The researchers used tiny backpacks to monitor the breathing patterns of yellow-rumped warblers and blackpoll warblers as they flew over the Himalayas.

They found that the birds were able to maintain their oxygen levels by taking deeper breaths and exhaling more completely.

This allows them to extract more oxygen from the air and reduce the amount of carbon dioxide in their blood.

The researchers also found that the birds' heart rates increased as they flew at high altitudes. This suggested that the birds can increase their oxygen uptake by increasing their blood flow.

The increased heart rate also helps to regulate the body temperature of the birds, which can vary greatly depending on the altitude and weather.
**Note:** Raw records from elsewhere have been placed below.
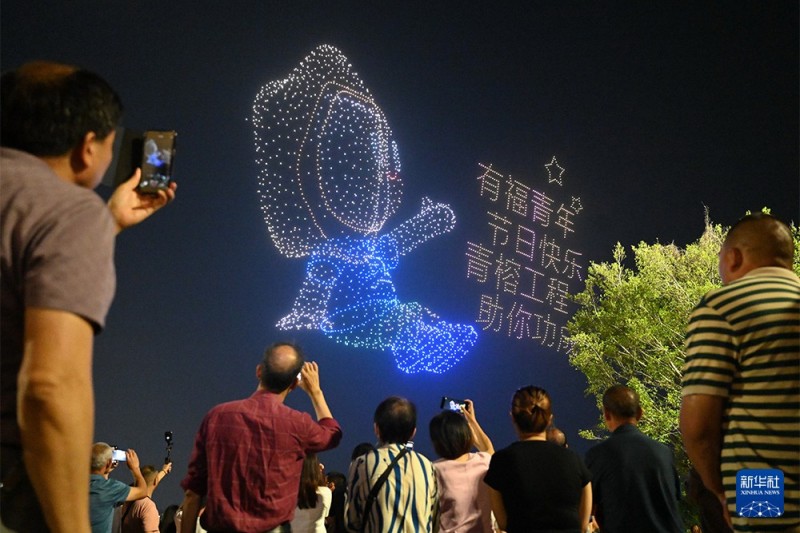 4月28日，游客在观赏拍摄无人机集群光影秀。新华社记者 林善传 摄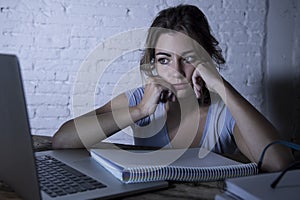 Young student girl studying tired at home laptop computer preparing exam exhausted and frustrated feeling stress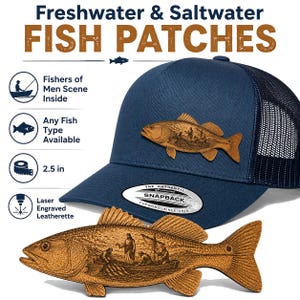 May include: A navy blue trucker hat with a mesh back and a laser-engraved brown leatherette fish-shaped patch featuring a scene of fishers in a boat. The patch measures 2.5 inches. Text includes Freshwater & Saltwater FISH PATCHES.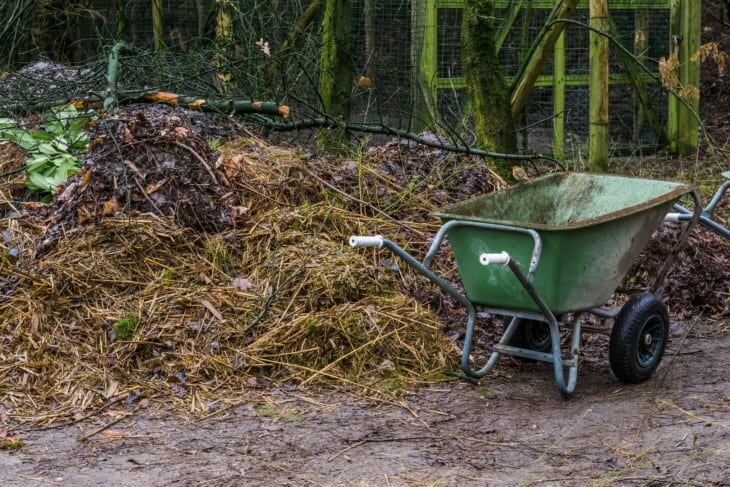 wheelbarrow next to a compost pile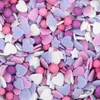 A close-up, overhead view of a pile of colorful sprinkles in various shapes including hearts, stars, and small balls. Produktbild-Vorschau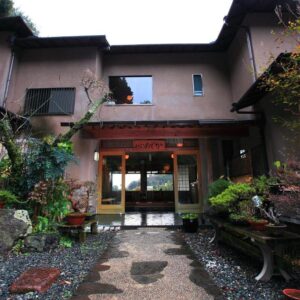 Traditional ryokan entrance with stone path, potted plants and wooden façade at Kokoronodoka in Shizuoka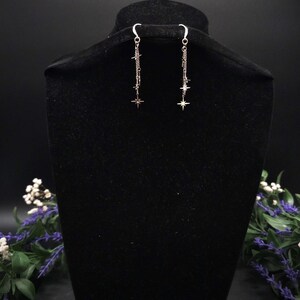May include: Silver dangle earrings with a star design. Each earring features a chain with multiple small stars and a larger star at the bottom. The earrings are displayed on a black velvet bust.
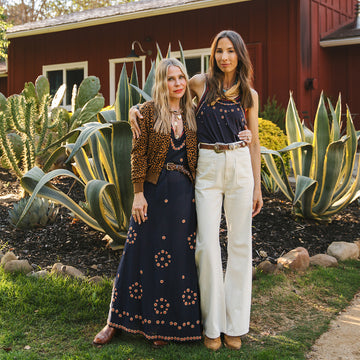 Two women stand side by side outdoors in front of large succulents and a red building, wearing bohemian-style outfits, one in a patterned dress and the other in a sleeveless top and white pants.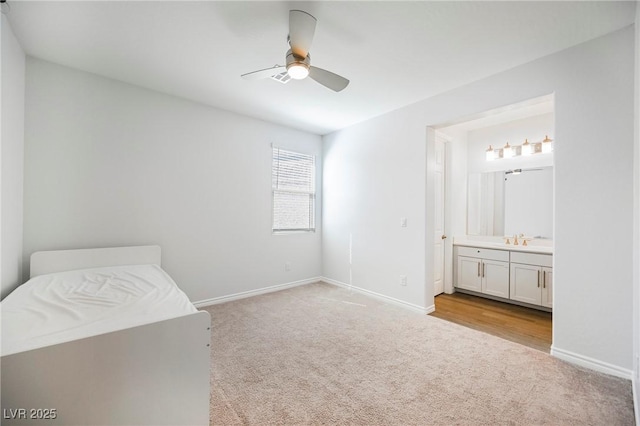 unfurnished bedroom with light carpet, baseboards, a ceiling fan, ensuite bath, and a sink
The study is the first to show that birds adjust their physiology during the migratory season to maintain oxygen uptake and movement to flight muscles, with some species exhibiting greater adjustments than others.
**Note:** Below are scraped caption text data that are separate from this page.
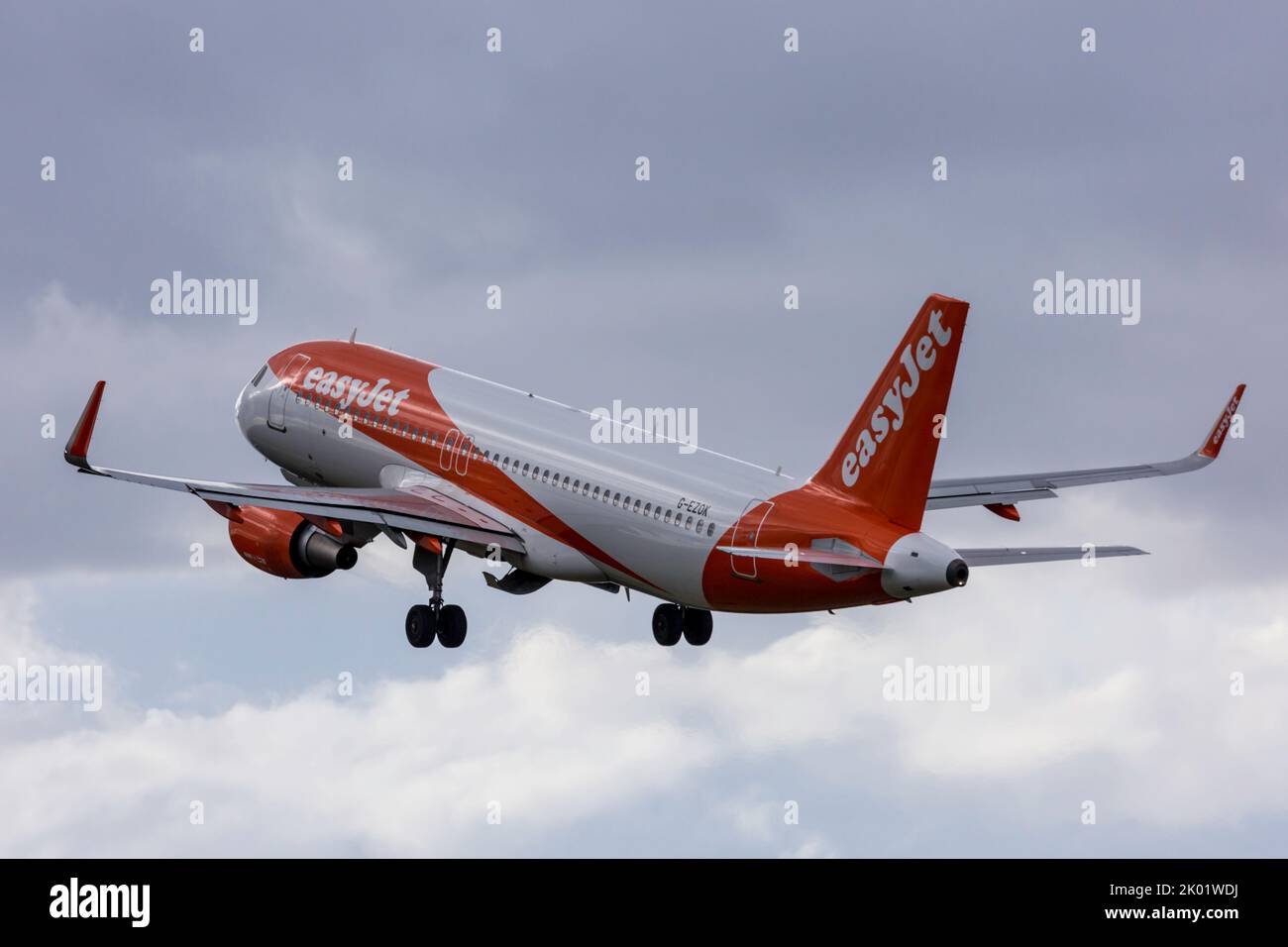 An Easyjet Airbus A320-200 Airliner, serial number G-EZOK, taking off from Bristol Lulsgate Airport in England. Stock Photo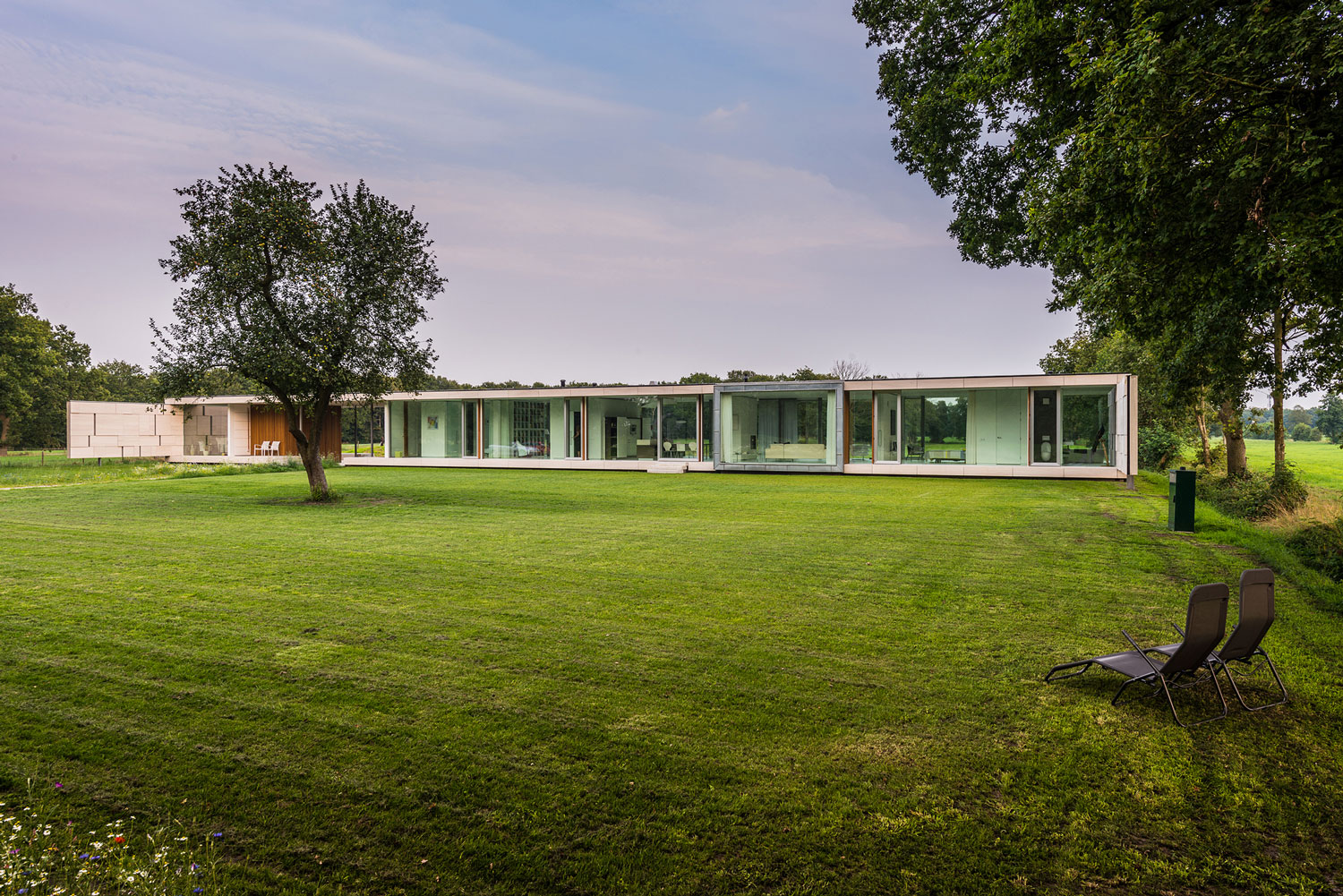 An Elegant and Captivating Modern Transparent House Behind a Grove of Trees in Bontebok, The Netherlands by Inbo (2)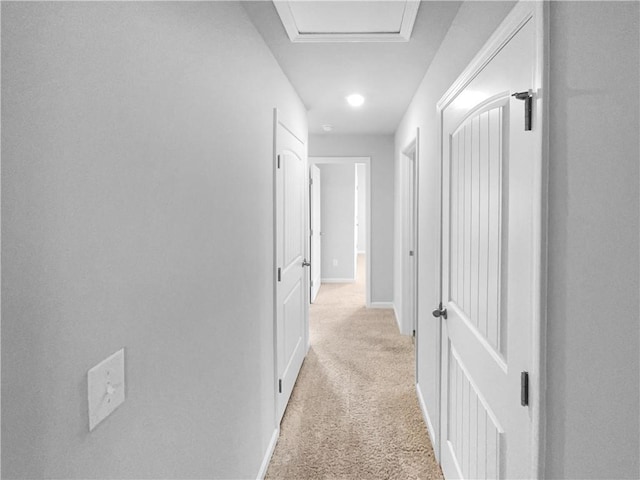 corridor with light colored carpet and baseboards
According to the researchers, this adaptation may have evolved in response to the changing climate and habitat conditions that affect the migratory routes of the birds.

Also Read: Songbird Sings Only One Tune Throughout Its Life, Study Shows

The challenges and benefits of flying at high altitude

Flying at high altitude is not easy for any animal, as it requires more energy and endurance than flying at lower altitudes.

However, flying at high altitude also has some advantages, such as avoiding predators, reducing water loss, and finding favorable winds.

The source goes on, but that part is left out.